This one’s for The South Asian authors Challenge.

Chokher Bali-the Movie:

It’s a Bengali movie, so I watched it with subtitles. It is directed by one of the most celebrated directors of Bengali cinema: Rituparno Ghosh. I was surprised by how different the movie is from the book. While the book concentrates on all the characters and the relationship between them, the movie concentrates on Binodini. The movie is more of a Passion play as the tag line suggests. The movie shows Binodini to be cunning  whereas in the book she is simply a widow who is looking for affection. Suffice to say I didn’t like the movie as much and I wonder if I would have liked it more if I had seen the movie before reading the book.

This one’s for The South Asian Authors Challenge

Children of Dust by Ali Eteraz

Title: Children of Dust
Author: Ali Eteraz
Genre: Non-Fiction (memoir)
Source: Library
Set in: Pakistan, U.S, Kuwait
Hardcover: 352 pages
Publisher: HarperOne; 1st edition (October 13, 2009)
Rating: 4.5 out of 5

My Thoughts:
I almost feel inadequate reviewing this book because I’m sure I haven’t understood everything the author wanted to convey. But I loved what I grasped from it. That’s not to say the book is a difficult read, far from it.

Children of Dust is not merely a “memoir of Pakistan”, although the time the author spent in Pakistan, up-to the age of 10, was a large part of what constituted his religious outlook.

The book is divided into parts. The first part, when the author is a child, takes place in Pakistan. Here he describes living in a small town in Pakistan and going to a Madrasa which was a very traumatic experience. His parents were very religious and they wanted him to be a follower and a servant of Islam. When the family migrates to the US, the author starts to neglect Islam and concentrate on issues more important to teenagers-like fitting in, sexuality and finding ways to watch ‘Boy meets World’. It was refreshing to read first hand how a Muslim boy had to struggle with fitting in and also trying to follow his religion.

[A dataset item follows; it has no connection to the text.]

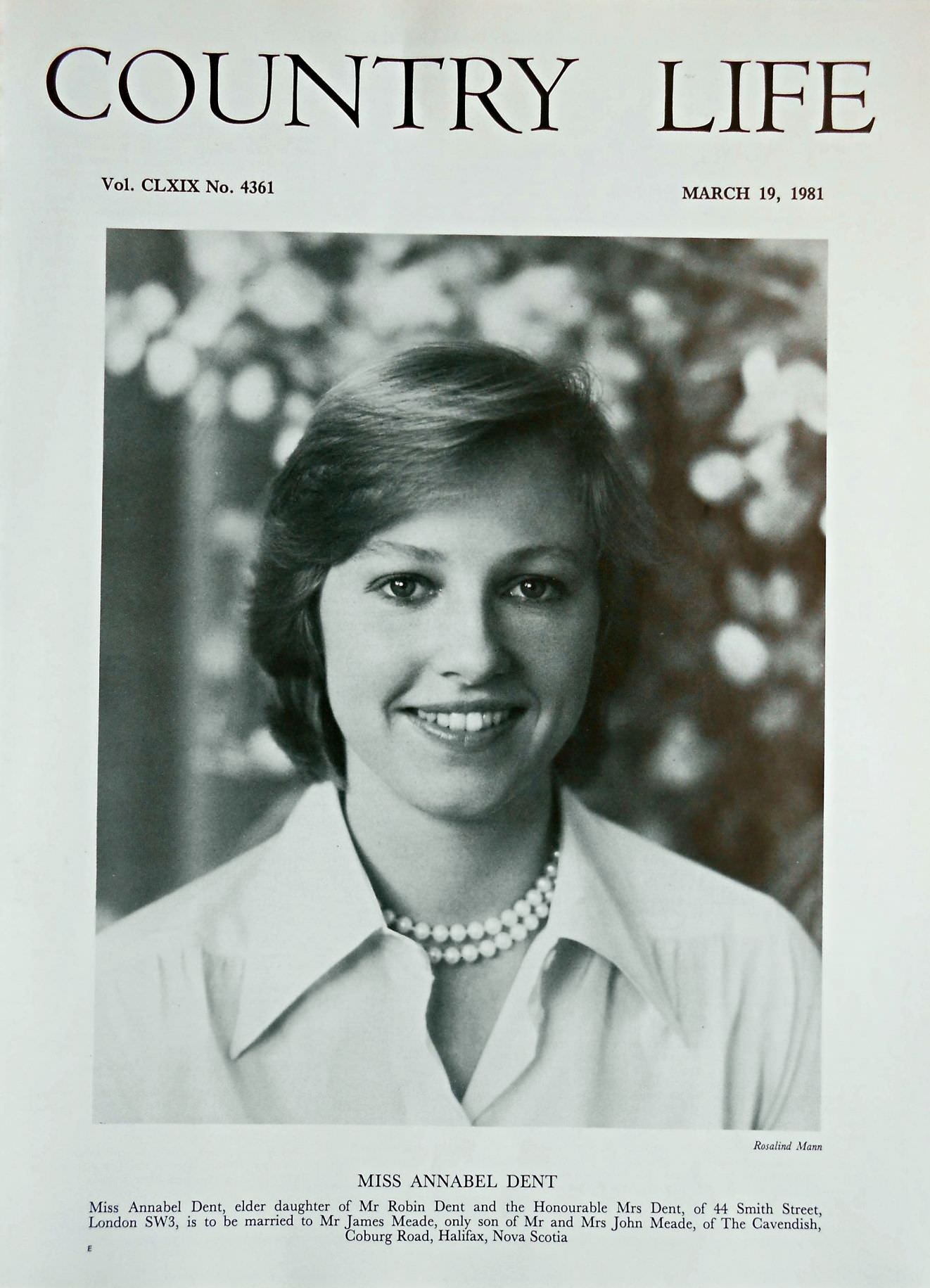 Miss Annabel Dent Country Life Magazine Portrait March 19, 1981 Vol. CLXIX No. 4361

When he went to college far from home, although he struggled with same things he did before, he does become more friendly with people from his own community and gradually acquires a fundamentalist outlook. Without getting into too many details, he returns to Pakistan to find a pious girl and also to find out more about his ancestors. But instead of finding what he expected, he finds his ideas of an Islamic nation shattered. Here’s what he has to say after his visit to Pakistan.

I was sneered at by the very ones who were supposed to embrace me. I was rejected by the ones who were supposed to be purer-in character, in culture, in chivalry-than Americans. The brilliance that I’d associated with Islam just a few months earlier had now turned black. After a period of mourning and melancholy, I craved vengeance. I sought to undermine all that the presumably purer Muslims held sacred.

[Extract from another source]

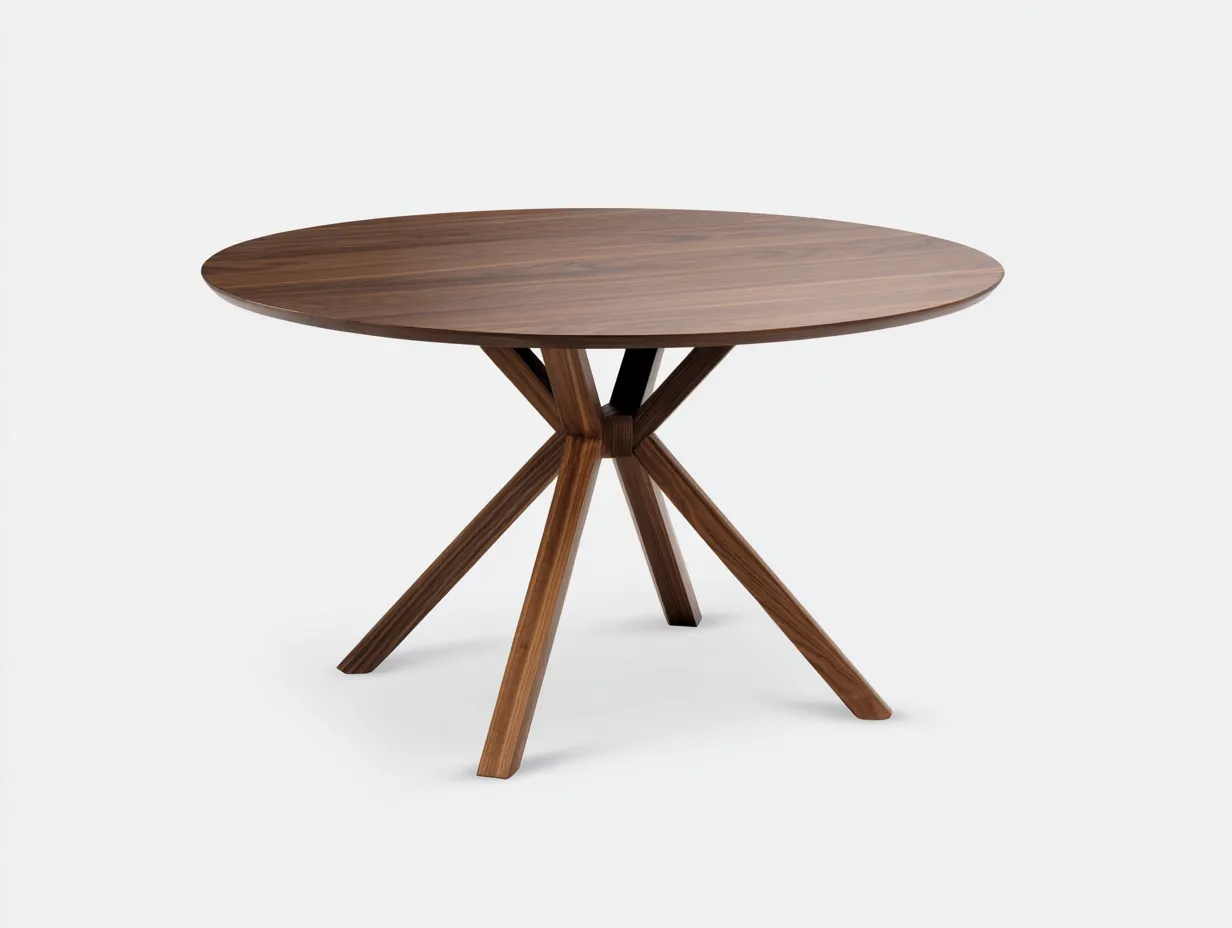 Mesa de Comedor redonda de madera 128x128x76 cm - nogal medio - estructura angular para comedor-Vazosohaus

I found his shift in religious opinions very unsettling. It could be the result of blindly following what he had heard from his childhood and then finding out that not everything is what it is supposed to be. You would think a book about the authors religious journey will be boring, but it’s not, far from it. It’s fascinating, interesting, funny and most of all entertaining. And honest-very honest.

‘Children of Dust‘ is definitely unlike any memoir I have read before and I have read quite a few. Highly recommended.

A Face in the Dark and Other Hauntings by Ruskin Bond

Title: A Face in the Dark and Other Hauntings: Collected Stories of the Supernatural
Author: Ruskin Bond
197 pages
Publisher: Viking Books (January 2004)
Genre: Fiction (short stories)
Set in: India

My thoughts:
Ruskin Bond. How much do I loved this author. Not because I have read his work extensively, but because he is the first author that made me feel like I could love reading. He showed me that reading could be a pleasure which could transport you to a different world altogether. He gave me my first glimpse into how the reading world could be. All this because of one short story called The Cherry Tree

The Cherry Tree is the story of a young boy from the hill station of Mussoorie who plants a cherry tree and watches it grow. Such a simple story but it evokes such beautiful imagery. We had this story in our curriculum as children and I seriously cannot recall the number of times I have read it. In fact I have still kept my English textbook just because of this one story. That’s the Ruskin Bond magic.

My point being that when I saw the book A Face in the Dark and Other Hauntings in the library I picked it up. I couldn’t wait to read it and I was not disappointed in the least. This collection of short stories has all kinds of stories, the theme being “supernatural”. There are stories of ghosts, fairies and jinns, most happening in the backdrop of the beautiful hill stations of Northern India. There is also Rudyard Kipling’s and Sherlock Holmes Ghost.

Ruskin Bond does not write complicated words, nor does he write complicated stories. These stories reminded me of stories I’ve heard from my friends and relatives, of the time when we all used to settle down at night and make up ghost stories to frighten each other.

But none of the stories really scare you, they are simply meant to entertain. Almost all these stories are based in the mountains and in actual places, be it the story of the fairies on the Pari Tibba hill or stories based in the forests of India. Some of the stories are even hilarious but almost all make you smile as you read the last line. How many ghosts stories can you say that for?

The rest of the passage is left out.